■ WHAT TO PRODUCE: Your task is to transcribe all of the data below exactly, omitting the images.
── SOURCE INFORMATION
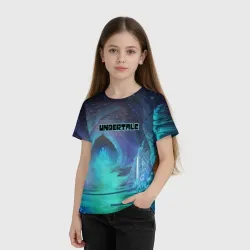 Детская футболка 3D Undertale - фото 2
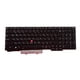 thumbnail image 2 of Cateissary Teclado para portátil, puntero retroiluminado silencioso, dispositivo de entrada Plug and Play, teclado, reemplazo de retroiluminación para Juegos de teclado y mouse para computadora, 2 of 6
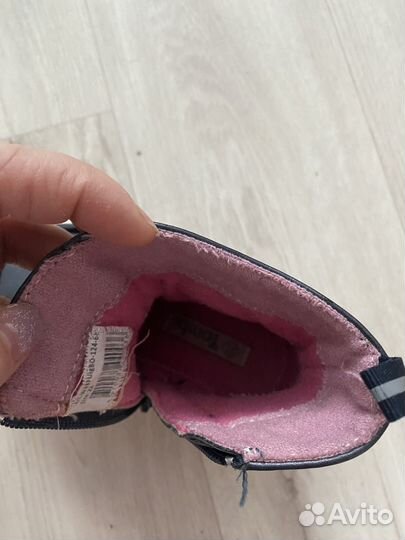 Ботинки демисезонные для девочки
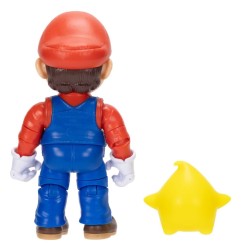 Super Mario - The  Galaxy Movie Action Figure Mario 13 cm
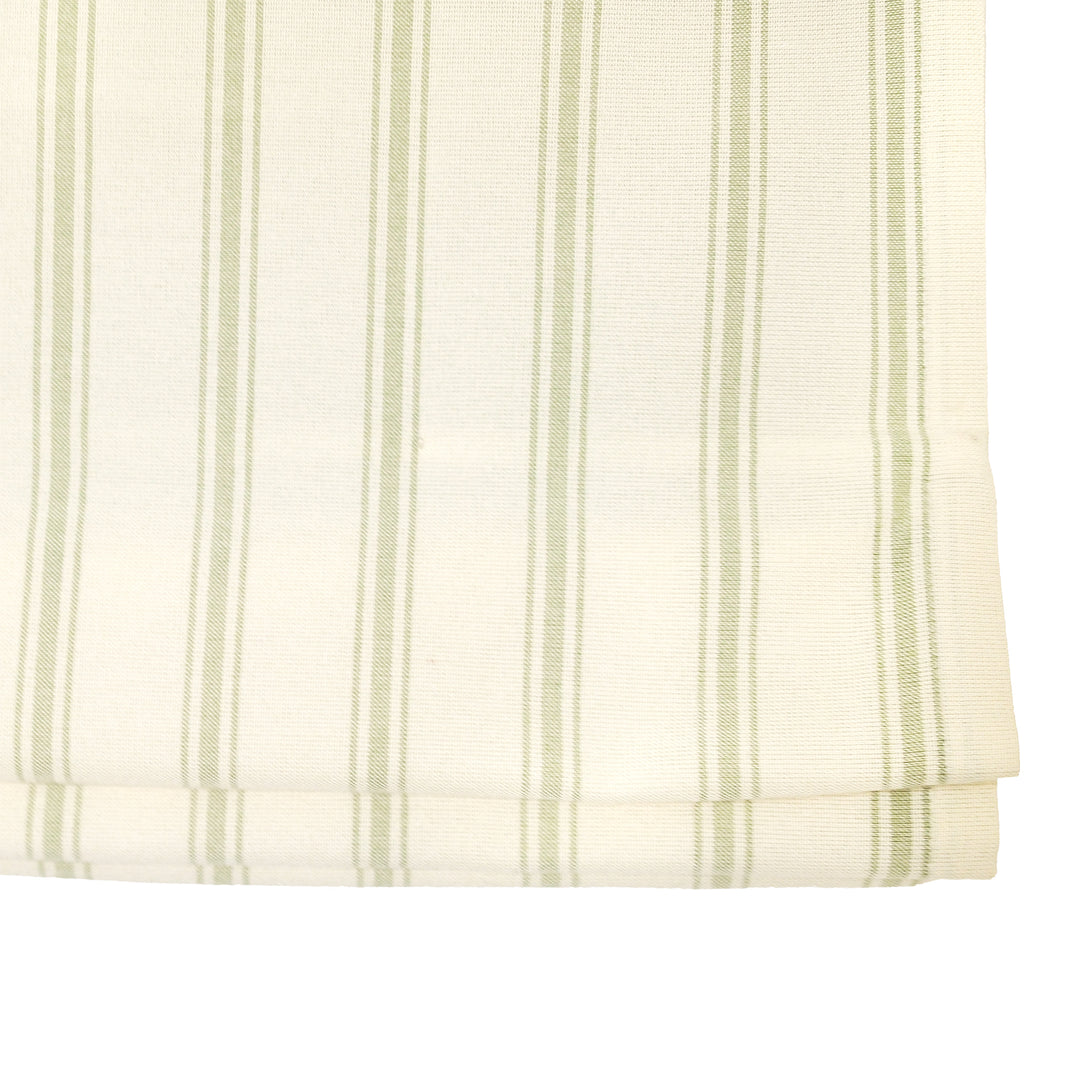 Loxley Yarn-Dyed  Roman Shades & Blinds | Flat Fold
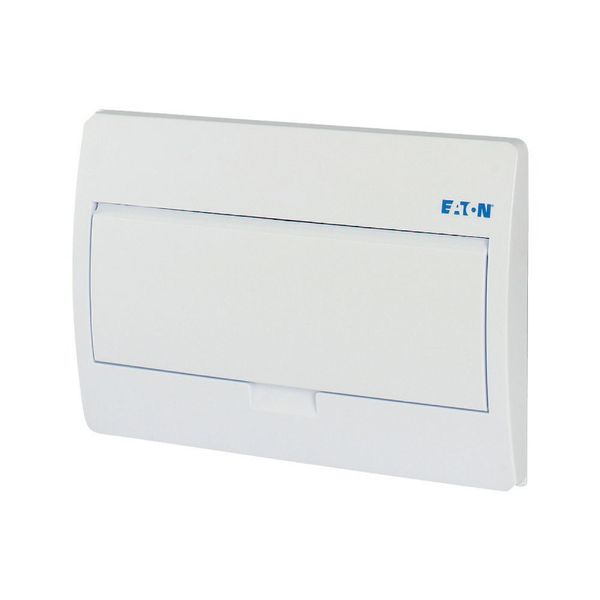 ECO Compact distribution board, flush mounting, 1-rows, 12 MU, IP40 image 7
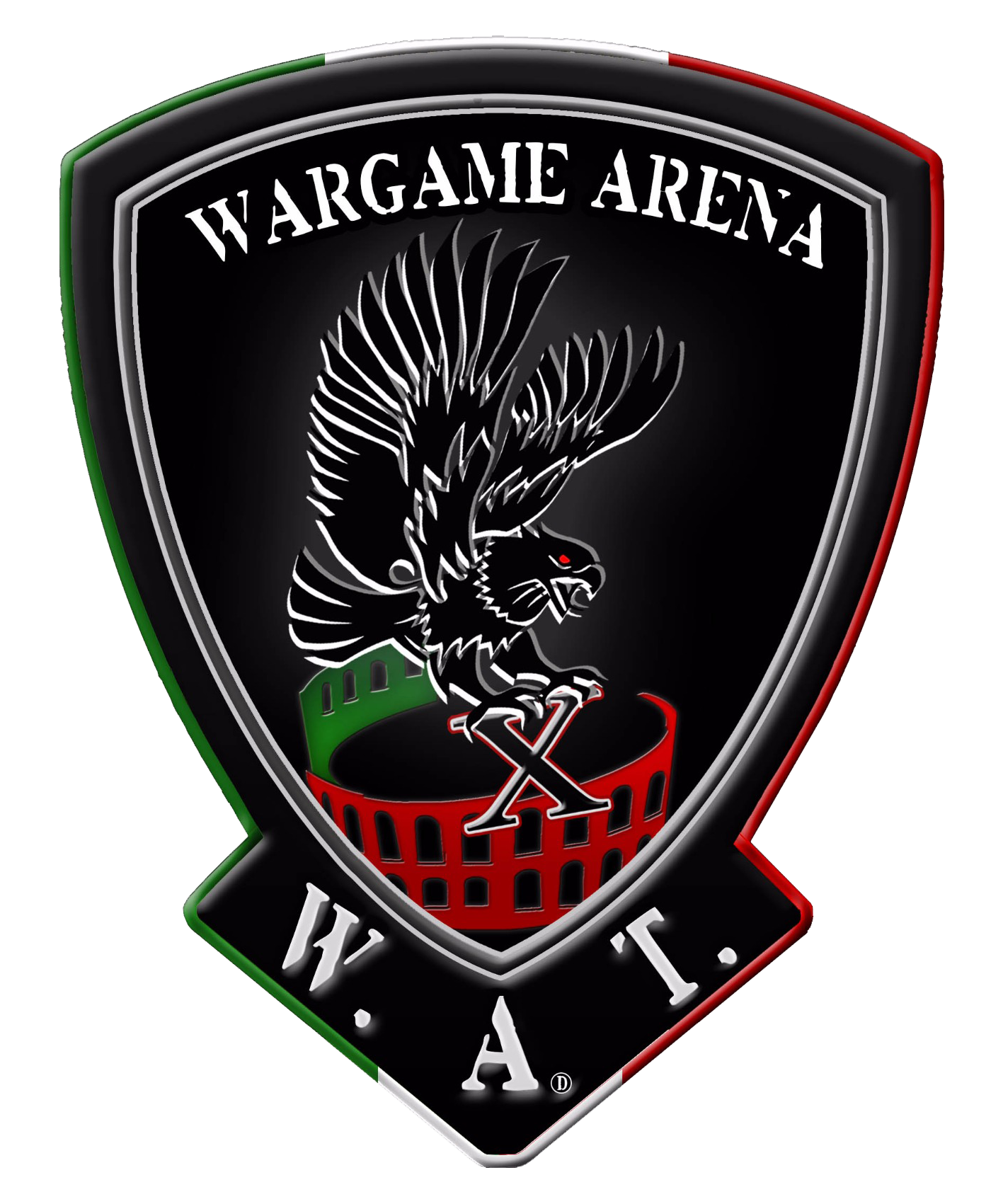 Logo WarGame Arena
────
■ WRITTEN RESPONSE:
 Детская футболка 3D Undertale - фото 2
 thumbnail image 2 of Cateissary Teclado para portátil, puntero retroiluminado silencioso, dispositivo de entrada Plug and Play, teclado, reemplazo de retroiluminación para Juegos de teclado y mouse para computadora, 2 of 6
 Ботинки демисезонные для девочки
 Super Mario - The  Galaxy Movie Action Figure Mario 13 cm
 Loxley Yarn-Dyed  Roman Shades & Blinds | Flat Fold
 ECO Compact distribution board, flush mounting, 1-rows, 12 MU, IP40 image 7
 Logo WarGame Arena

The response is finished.